Over the past few thousand years many distinct cultures have been exposed to cannabis and often realised its medicinal application. When cannabis was introduced to Western medicine, its medicinal applications were swiftly recognised, and its use spread rapidly. The decline of cannabis use in the west was due to a variety of factors and as a result its medicinal use was forgotten. The discovery of the active constituent Δ9-THC, as well as endogenous receptors for cannabinoids, stimulated research into the drug showing that cannabis does, in fact, have a direct effect on the body.

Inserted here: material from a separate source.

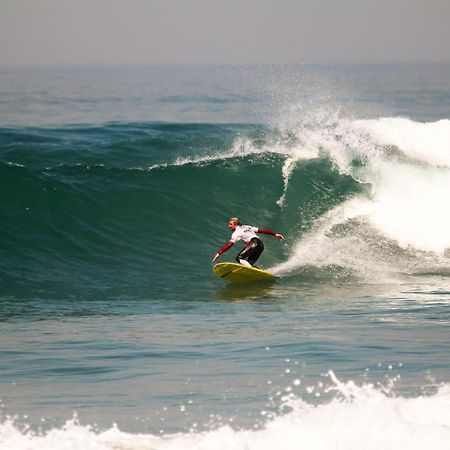 Surfivor Surf Camp Hotel Esmoriz Exterior photo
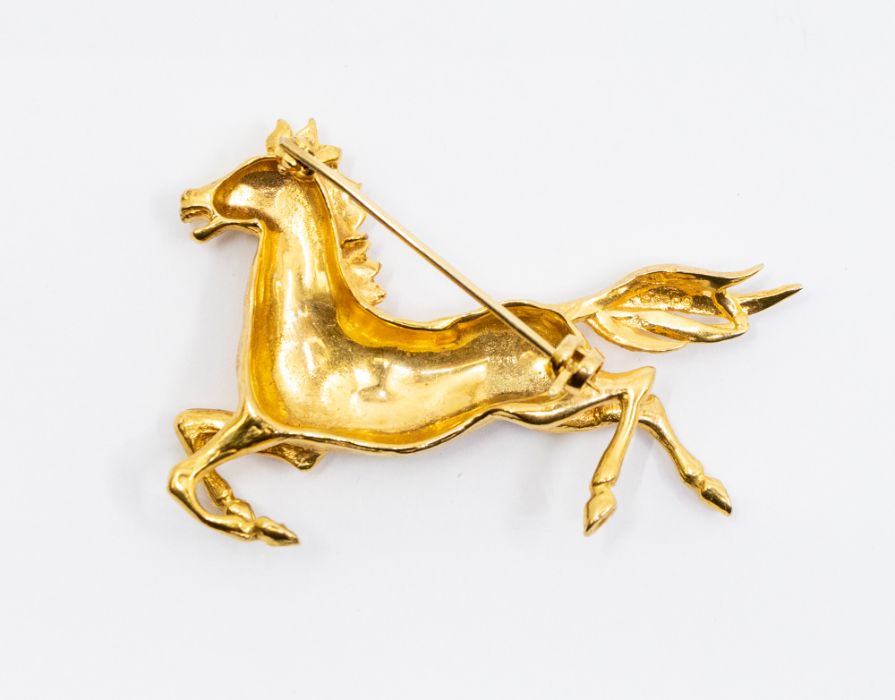 Horse interest- a 9ct gold brooch in the form of a galloping horse, length approx. 45mm, pin and - Image 2 of 2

Cannabis use both culturally and medically has had a long and well-documented history. Cannabis has been used medicinally in many diverse cultures, and upon exposure to western medicine in the 19th century, it quickly gained popularity as an analgesic, anticonvulsive, and hypnotic. These medical properties are innately part of cannabis biology, and over time selective breeding projects have amplified these traits. The medical properties of this plant combined with an understanding of the effective methods of consumption help make cannabis the powerful medication it is today. Much can be learned from this historical record, but what is most salient is that the use of cannabis to treat clinical symptoms is not new. The challenge is education and policy changes to incorporate the nature of cannabis’ atypical consumption requirements into modern clinical methodology.